This collection aims to support research in the Digital Humanities by providing an opportunity for rapid, open access publication combined with rigorous, post-publication peer review. We welcome conventional Research Articles and Essays, but believe that work in the Digital Humanities will particularly benefit from the wide range of article types offered by Open Research Europe. These include Brief Reports, Case Studies, Data Notes, Methods Articles and Software Tool Articles. (See our article guidelines for more information on each article type).
Potential topics include but are not limited to:
- The design, creation, annotation, curation, editing and publication of datasets, corpora and similar resources pertaining to literary texts, historical documents, correspondences, notated music, audio/video materials, cultural heritage, and more.

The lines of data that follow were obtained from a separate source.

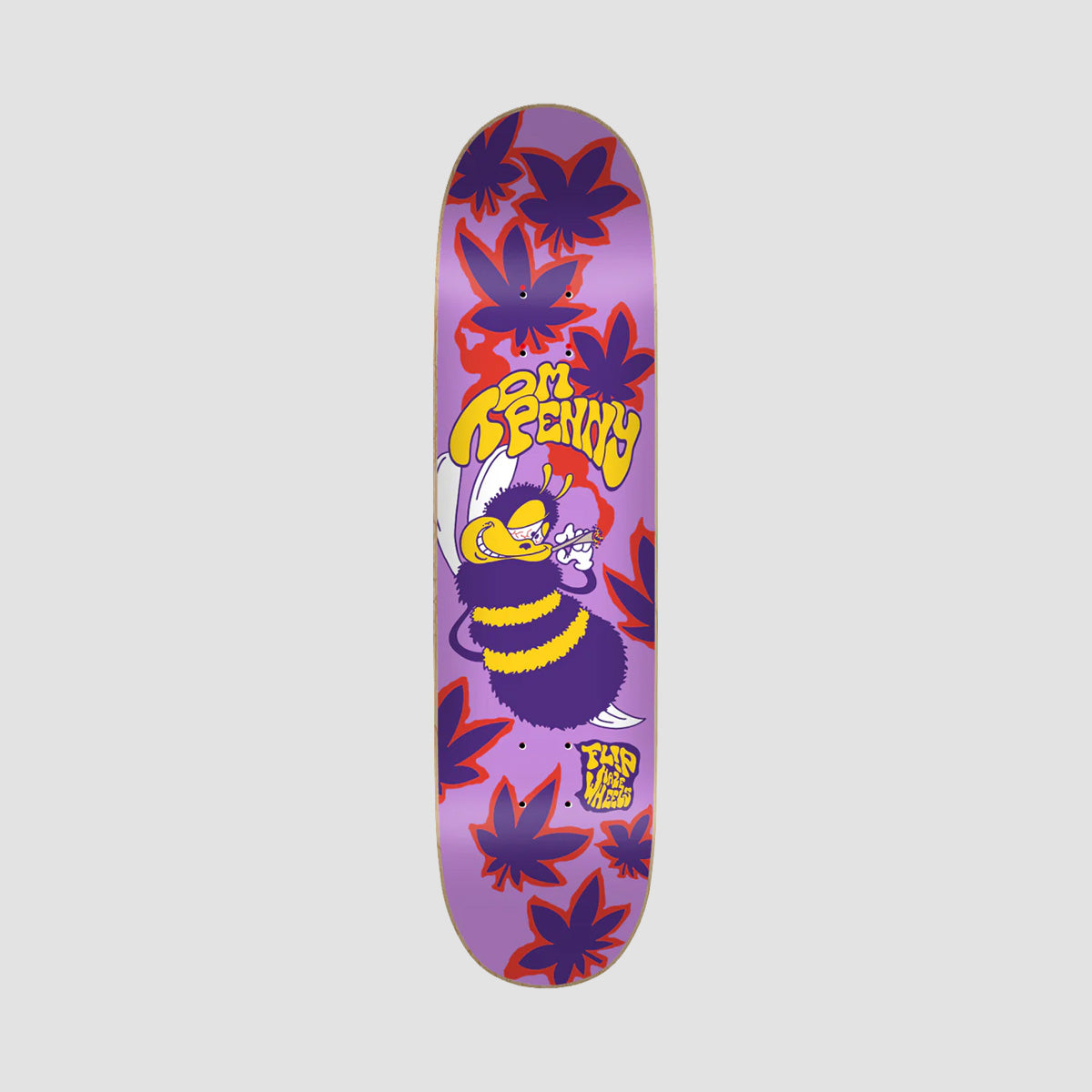 Flip High in a Haze Tom Penny Skateboard Deck Purple - 7.75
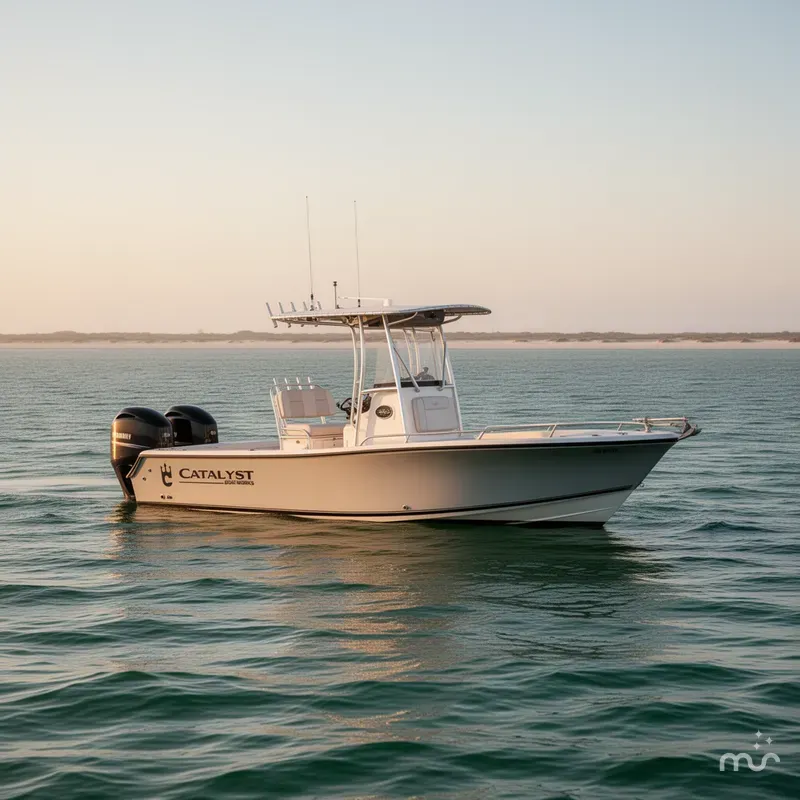 Slide: The Image of Catalyst Boat Works 2500 BAY 2022 - 0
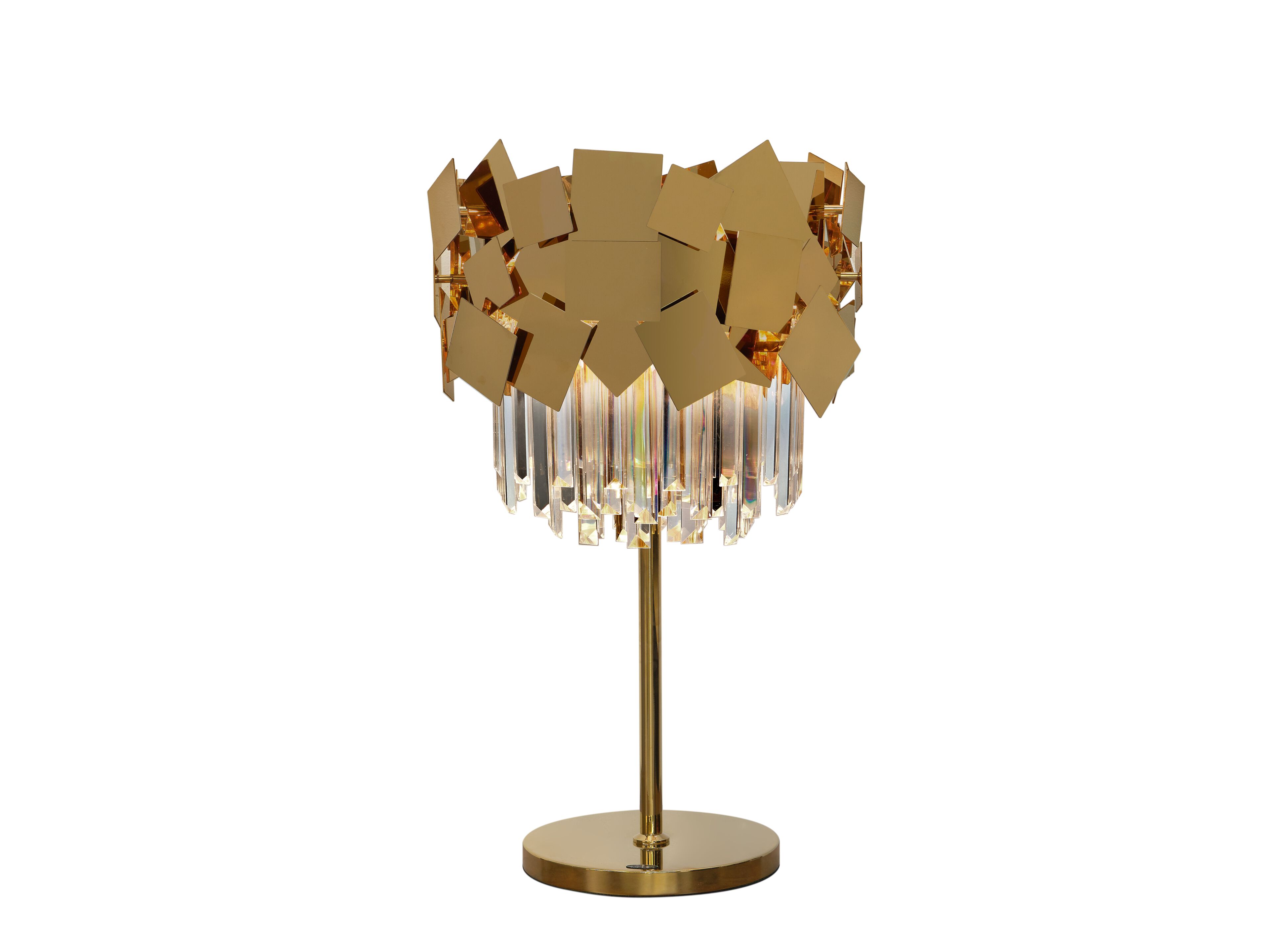 Настольная лампа из нержавеющей стали с кристаллами K-Lighting Hemera ARCH-00092924 - Вид №1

- The development, evaluation and application of formal, algorithmic and/or statistical methods of analysis for investigating research questions relevant to the humanities, as well as methodological or social issues arising in this process.
- The investigation of theoretical and conceptual issues related to research at the intersection of humanities and technology, such as operationalization, formalization, modeling, integration of qualitative and quantitative perspectives, bias and many more.
- The development, deployment and maintenance of software, tools and services supporting the curation and publication of datasets and resources or the application of measures and methods of investigation relevant to the Digital Humanities.
- The investigation of and formulation of policy proposals regarding publication practices, design principles, or reception and impact of resources that are relevant to the Digital Humanities and available in the digital medium.
- The role and impact of Open Science / Open Research principles on research in the Digital Humanities, with relevant issues such as Open Access, FAIR and/or Open Data, Open Source, Archiving, Preservation, Reproducibility, Data and Code Review specific to this area.
- The relationship between Digital Humanities research and the development or curation of collections in cultural organisations (galleries, libraries, museums, archives) or community archives.